An Iranian missile attack struck the oil refinery at Haifa in northern Israel which, according to Israeli Energy Minister Eli Cohen, did not cause "significant damage" but briefly disrupted power for 45 minutes and caused "localized" damage to the power grid.

== Reactions ==

- Iran: President Masoud Pezeshkian warned of "consequences beyond control, the scope of which would engulf the entire world" following the strikes on South Pars. The IRGC issued evacuation orders for several oil facilities in Gulf Arab states, designating them "direct and legitimate targets" for Iranian retaliatory strikes.
- Israel: Prime Minister Benjamin Netanyahu asserted that Israel "acted alone" in attacking the gas field.
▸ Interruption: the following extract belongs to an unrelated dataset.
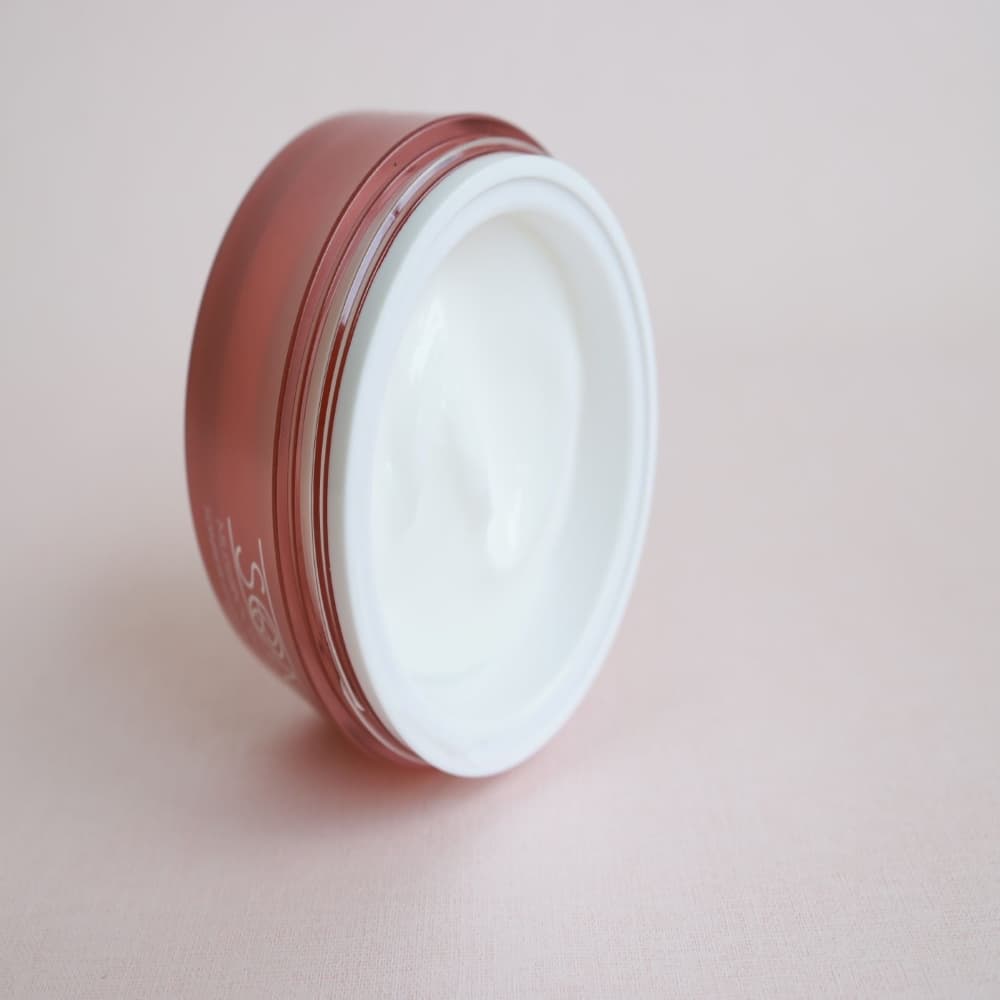 SONREIR MUSHROOM REFRESH CREAM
Israeli officials said that the United States was informed before the attack.
- Oman: Oman condemned the attack as a "dangerous escalation" and a "direct threat" to the energy supplies and security of the region, as well as a "violation of international laws and norms."

- Qatar: Qatar condemned the strikes on South Pars as "dangerous and irresponsible." Blaming Israel for the strikes, Qatari foreign ministry spokesman Majed al-Ansari stated that "the Israeli targeting of facilities linked to Iran’s South Pars field, an extension of Qatar’s North Field, is a dangerous & irresponsible step amid the current military escalation in the region," and that "targeting energy infrastructure constitutes a threat to global energy security."

- United Arab Emirates: The UAE condemned the attack, noting that South Pars field is connected to Qatar's North Dome, and warned that the strikes "represented a dangerous escalation" which "entails serious environmental repercussions and directly endangers civilians."

- United States: President Donald Trump wrote on Truth Social shortly after the strikes: "Remember, for all of those absolute 'fools' out there, Iran is considered, by everyone, to be the NUMBER ONE STATE SPONSOR OF TERROR. We are rapidly putting them out of business!" Although he supported the strike on South Pars, Trump indicated that he no longer wants any further strikes on Iranian energy sites. In a later statement, Trump claimed that he "knew nothing about this particular attack" in advance and denied U.S. or Qatari involvement in the attack, further insisting that Israel "violently lashed out" at major facilities "out of anger." Trump later said he knew of the strikes in advance but told Israel "don't do that."
- Unnamed Gulf Arab countries sought explanation from the Trump administration following the Iranian retaliatory strikes.